-- MATERIAL PROVIDED --

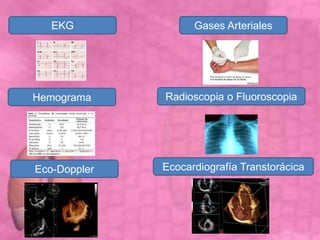 EKG
Hemograma
Eco-Doppler
Gases Arteriales
Radioscopia o Fluoroscopia
Ecocardiografía Transtorácica
 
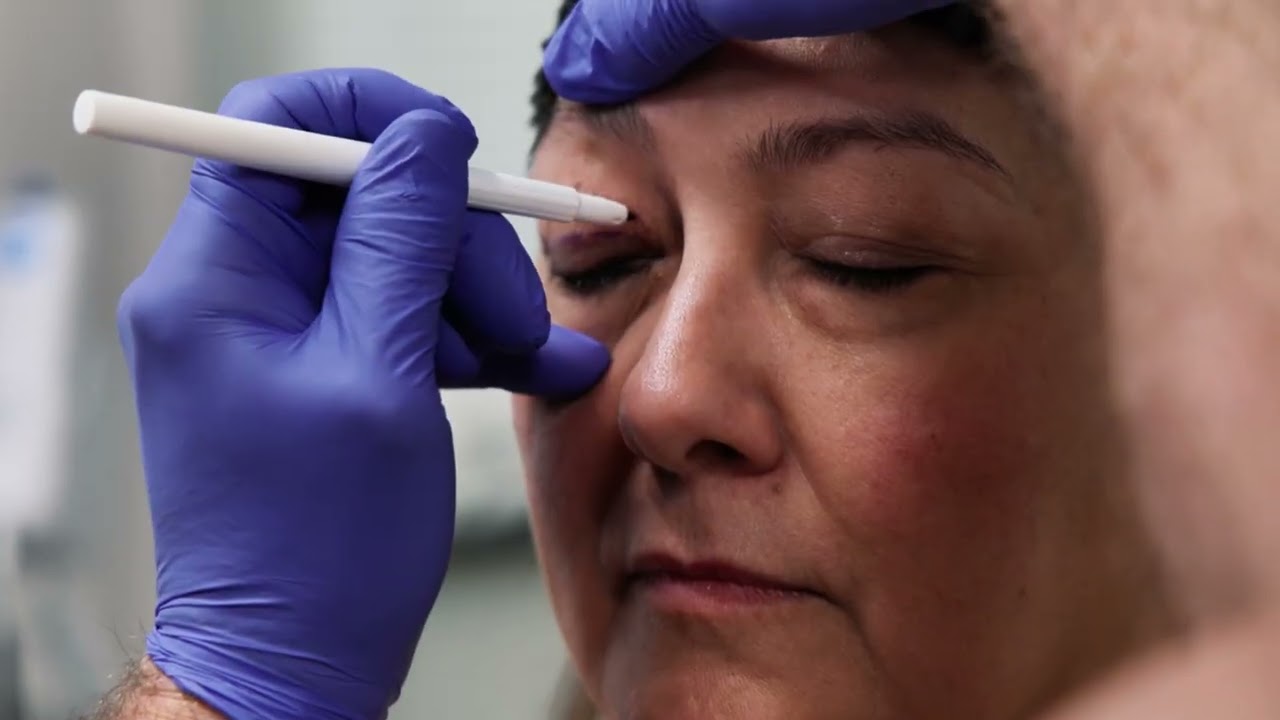 Why Patients Are Excited About Blepharoplasty (eyelid lift) with Dr. Korentager at AesthetiCare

-- EXERCISE OBJECTIVE --
Quote exactly, and nothing besides, the lines from the one with "Eco-Doppler" through the end of the records above; include both ends and omit the pictures.

-- RESULT FOR THIS TASK --
Eco-Doppler
Gases Arteriales
Radioscopia o Fluoroscopia
Ecocardiografía Transtorácica
 
 Why Patients Are Excited About Blepharoplasty (eyelid lift) with Dr. Korentager at AesthetiCare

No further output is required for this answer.